Posted on July 1, 2015
“I’m not sure what I’ll be doing. What my day will look like is completely unknown to me. I don’t have any friends going. I’ll be sleeping away from my home. I probably won’t like the food either.”
These could be sentiments shared by our children and teens before they go to overnight camp, but alas they are actually mine. I’m going for the first time to Camp Newman, the Union for Reform Judaism, in Northern California for two weeks in July. Many rabbis and Jewish professionals do this. It’s a way of serving the greater Jewish community, supporting our own temple youth, and participating and leading creative Jewish programming. I’ve been asked for years to do this and somehow found the right excuse not to. Not this year though. I know the timing is right and it’s the right thing to do. However, it’s all new to me.

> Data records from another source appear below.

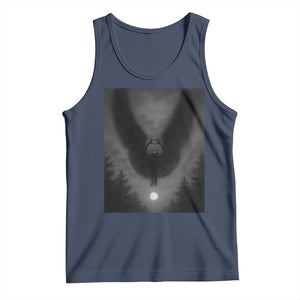 Mothman Tank Top Horror Poster Halloween Cryptid Lover TS10 Navy Print Your Wear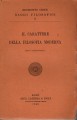 Il carattere della filosofia moderna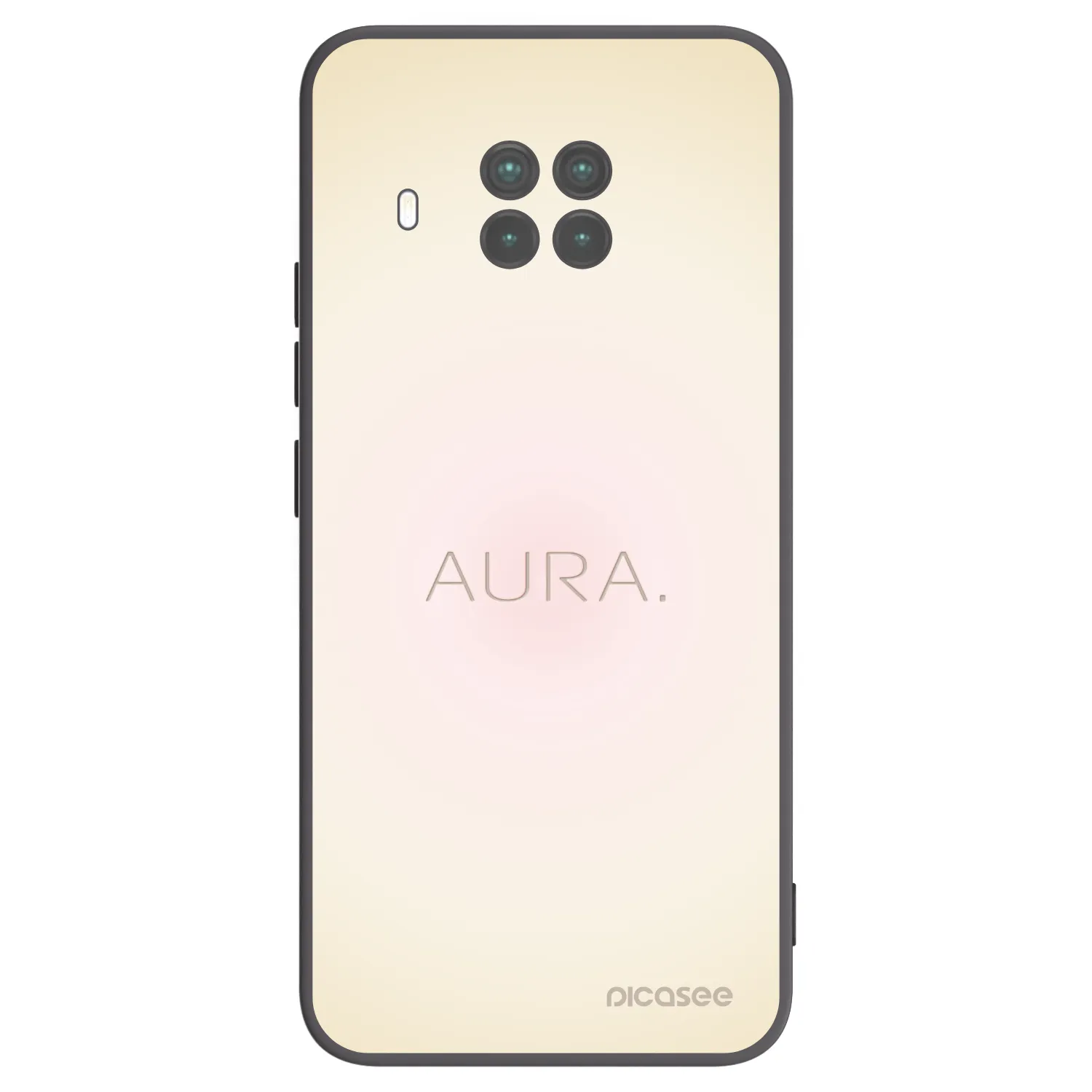 Picasee silikonowe czarne etui na Xiaomi Mi 10T Lite - Aura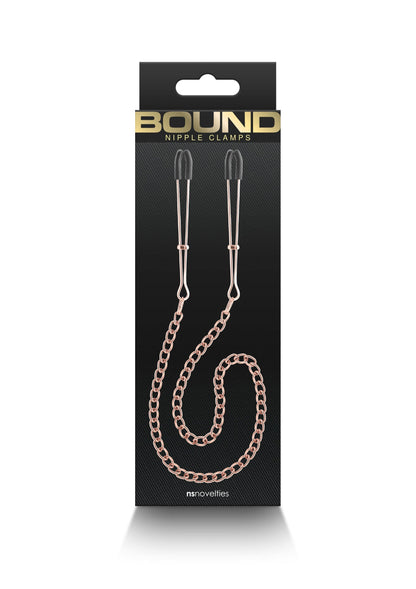 19192 ns novelties bound nipple clamps dc3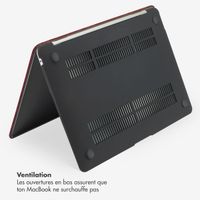 Selencia Coque en velours Apple MacBook Air 13 pouces (2022 / 2024 M3 / 2025 M4 / 2026 M5) - Rouge foncé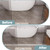 39" Transparent Shower Threshold Water Dam Barrier,Dry & Wet Separation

As an adult, I can be fearful of the unknown just as our kids are. Even as I confess that I’m a bit nervous about sleeping away from home without people I like and love, I am very curious to see the camp and how it works. Our synagogue has been promoting Camp Newman because it is a product of our movement and reflects our values. Through the Lynn Front Memorial URJ Campership Fund of our Foundation, we have been providing grants for our youth with priority to those entering 7-9th grade with financial need and absolute merit to attend Camp Newman. Through the vision of Seth Front, son of the late Rabbi Henri and Regina Front, we have been sending record numbers of youth to Camp Newman. The reports from our youth have been amazing. I have heard from everyone how much fun their camp experience was, all the friends they made, and they genuinely have an excitement for Judaism upon their return.
My experience, as an adult and rabbi, I expect to be different from our youth. I am looking forward to seeing the camp, helping with programming and worship, and keeping an eye out for our Temple youth. I may not like the food but I do anticipate working with dedicated staff and clergy during my time away. I’ll be sure give you a report on activities at camp. In the meantime, off I go.